Pre-draft measurables
| Height | Weight | Arm length | Hand span | Wingspan | 40-yard dash | 10-yard split | 20-yard split | 20-yard shuttle | Three-cone drill | Vertical jump | Broad jump | Bench press |
| 6 ft 2+1⁄8 in (1.88 m) | 217 lb (98 kg) | 33+3⁄8 in (0.85 m) | 9+7⁄8 in (0.25 m) | 6 ft 5+3⁄4 in (1.97 m) | 4.48 s | 1.63 s | 2.63 s | 4.18 s | 6.88 s | 36.5 in (0.93 m) | 10 ft 5 in (3.18 m) | 18 reps |
All values from Pro Day

===Houston Texans===
Jones signed with the Houston Texans as an undrafted free agent on May 6, 2016. He was waived on August 30, 2016. He was re-signed to the practice squad on December 14, 2016. He signed a reserve/future contract on January 16, 2017. He was waived on May 16, 2017.

===Kansas City Chiefs===
On June 6, 2017, Jones signed with the Kansas City Chiefs. He was waived on September 2, 2017.

===Pittsburgh Steelers===
On January 29, 2018, Jones signed a reserve/future contract with the Pittsburgh Steelers. He was waived on September 1, 2018 and was signed to the practice squad the next day. He signed a reserve/future contract on December 31, 2018. On August 31, 2019, Jones was waived by the Steelers and signed to the practice squad the next day. He was promoted to the active roster on November 14, 2019. He was waived on December 16, 2019.

===Dallas Cowboys===
On December 18, 2019, Jones was signed to the Dallas Cowboys' practice squad. On December 30, 2019, Jones was signed to a reserve/future contract. He was waived on September 5, 2020.

===Saskatchewan Roughriders (first stint)===
Jones signed with the Saskatchewan Roughriders of the CFL on April 27, 2021. He was placed on the suspended list on July 3, 2021. He was released prior to the start of the season.

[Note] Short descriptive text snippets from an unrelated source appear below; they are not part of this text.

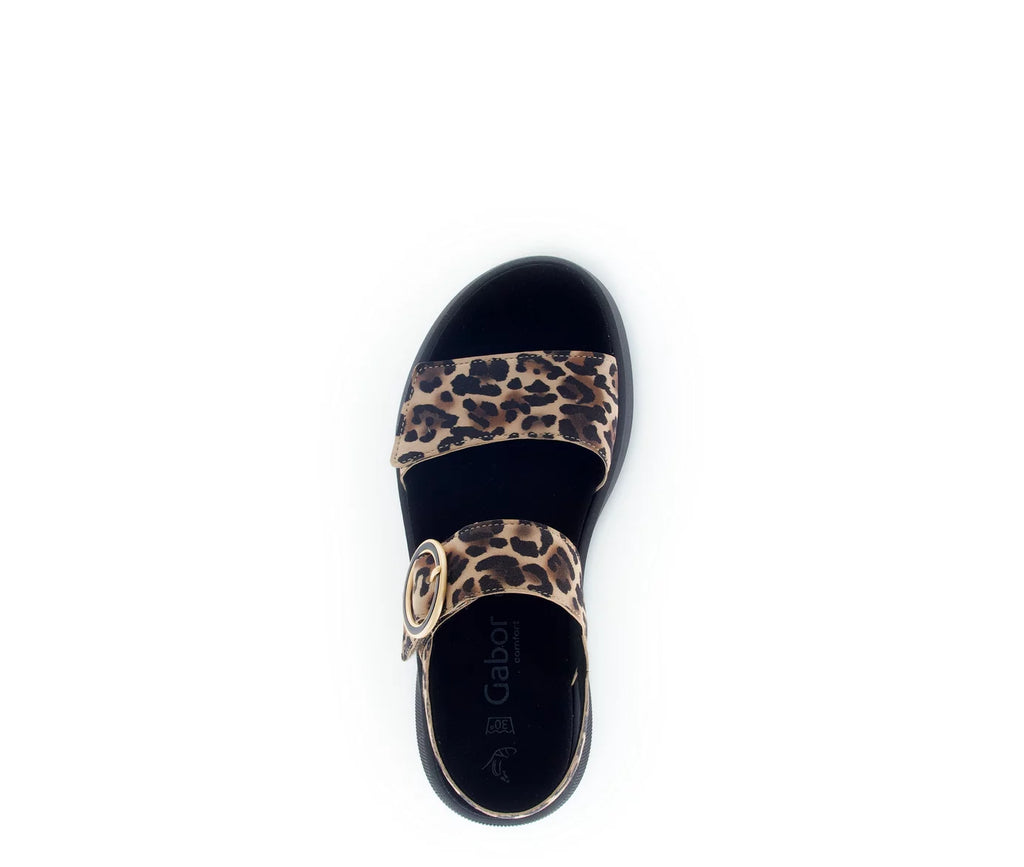Gabor 62.863.90 Nature - Dealorys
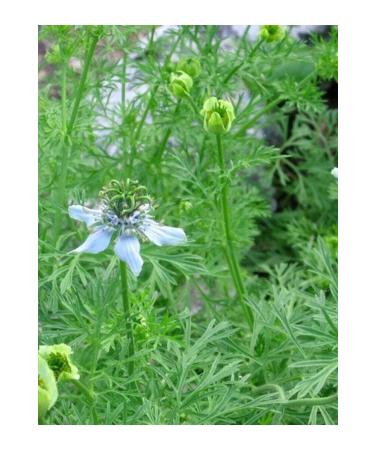 aysenin Black Seed Oil 250ml. - Buy Online on GoSupps.com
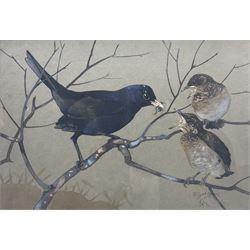 Ralston Gudgeon (Scottish 1910-1984): 'Blackbird Feeding Young', watercolour signed, titled on label verso 34cm x 46cm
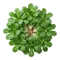 Mâche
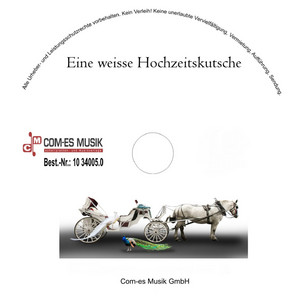 Dich erkenn' ich mit verbundenen Augen - Re-Recording by Bata Illic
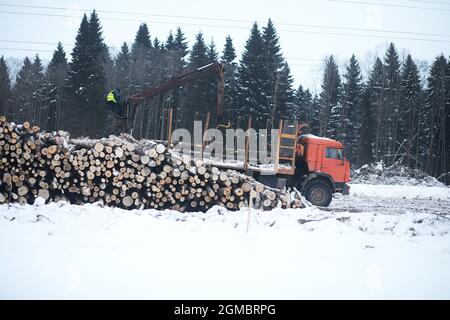 Ein LKW transportiert Holzstämme im Rücken. Holzstapler Stockfoto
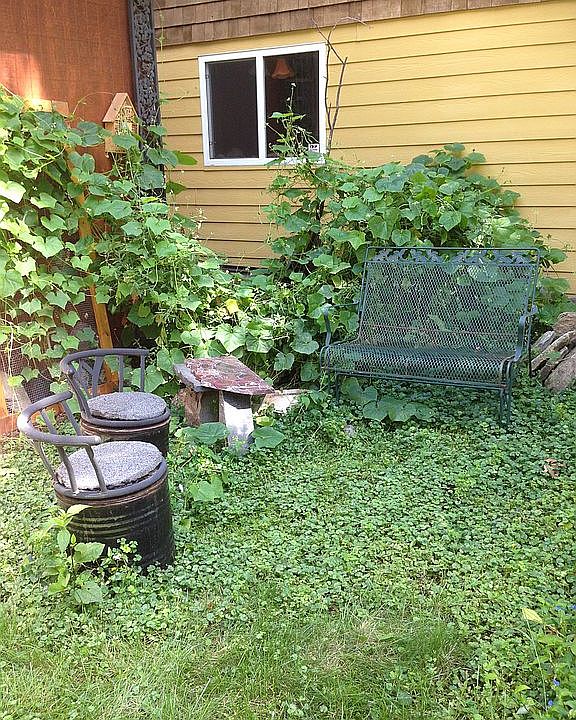 Back Garden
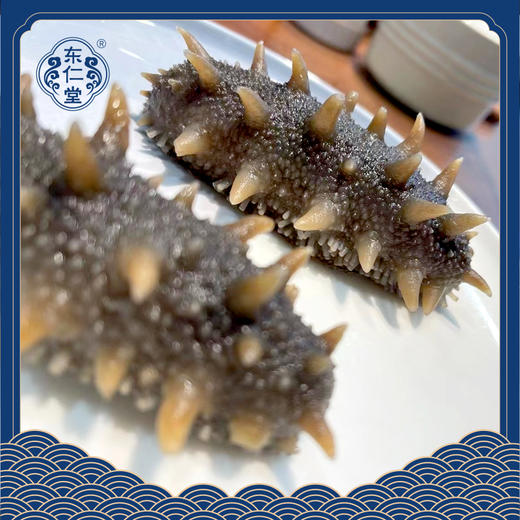 东仁堂即食海参/鲜食海参，远离大陆的底播海参，自然生长，肉质肥厚， 商品图6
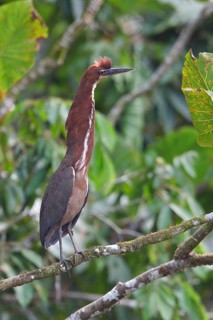 Rufescent Tiger-Heron (Tigrisoma lineatum) perched on a branch in Ecuador, South America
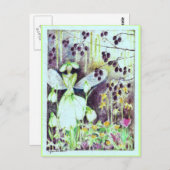 sneeuwval briefkaart (Voorkant / Achterkant)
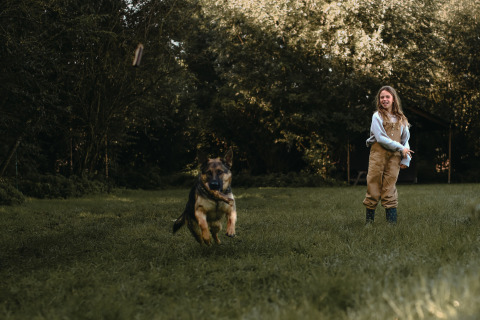 Ein Mädchen spielt im Gras in der Nähe von Ophemert, Gelderland, Niederlande, mit ihrem Schäferhund.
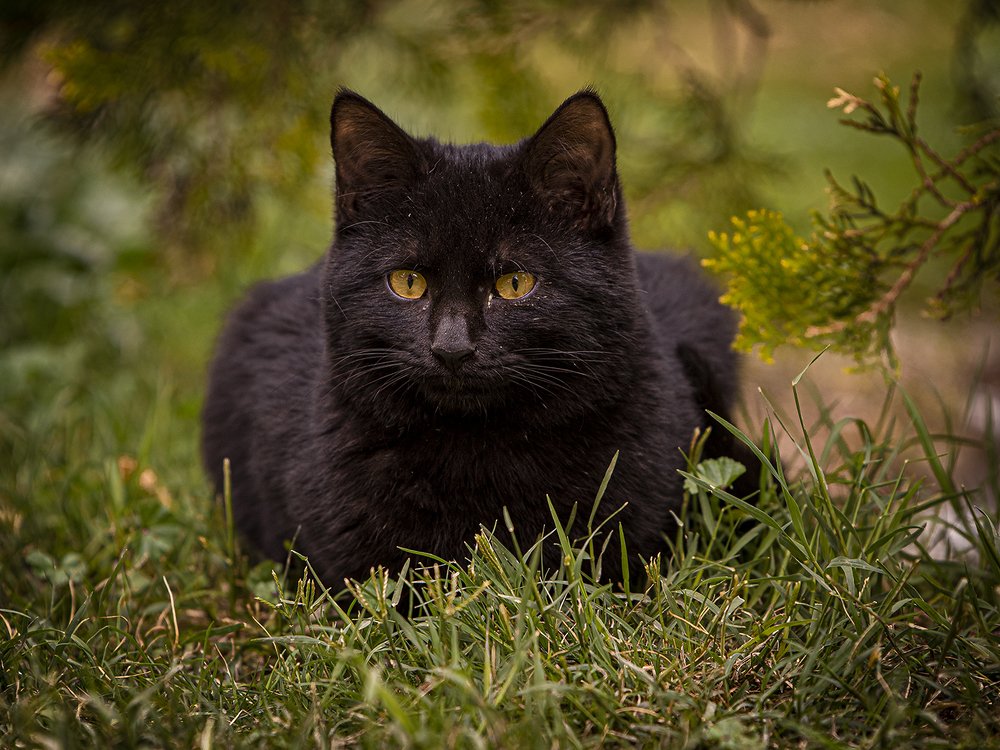 Photograph by mohammad saberi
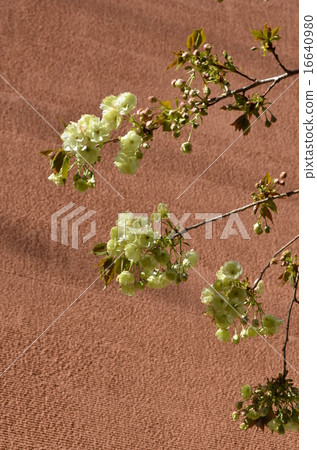 Nishina Zao Sakura Nishina Zao Sakura 16640980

===Jacksonville Jaguars===
On July 30, 2021, Jones signed with the Jacksonville Jaguars. He was waived on August 31, 2021.

=== Saskatchewan Roughriders (second stint) ===
On April 21, 2022, the Roughriders announced that Jones had resigned with the team.

===Montreal Alouettes===
On February 7, 2024, Jones signed with the Montreal Alouettes along with defensive lineman Isaac Adeyemi-Berglund. He was released on June 2.

===Edmonton Elks===
After the first week of the 2024 CFL season, Jones signed with the Edmonton Elks on June 11, 2024. He recorded 40 catches for 731 yards and five touchdowns. He became a free agent upon the expiry of his contract on February 11, 2025.

===Calgary Stampeders===
On February 11, 2025, it was announced that Jones had signed with the Calgary Stampeders.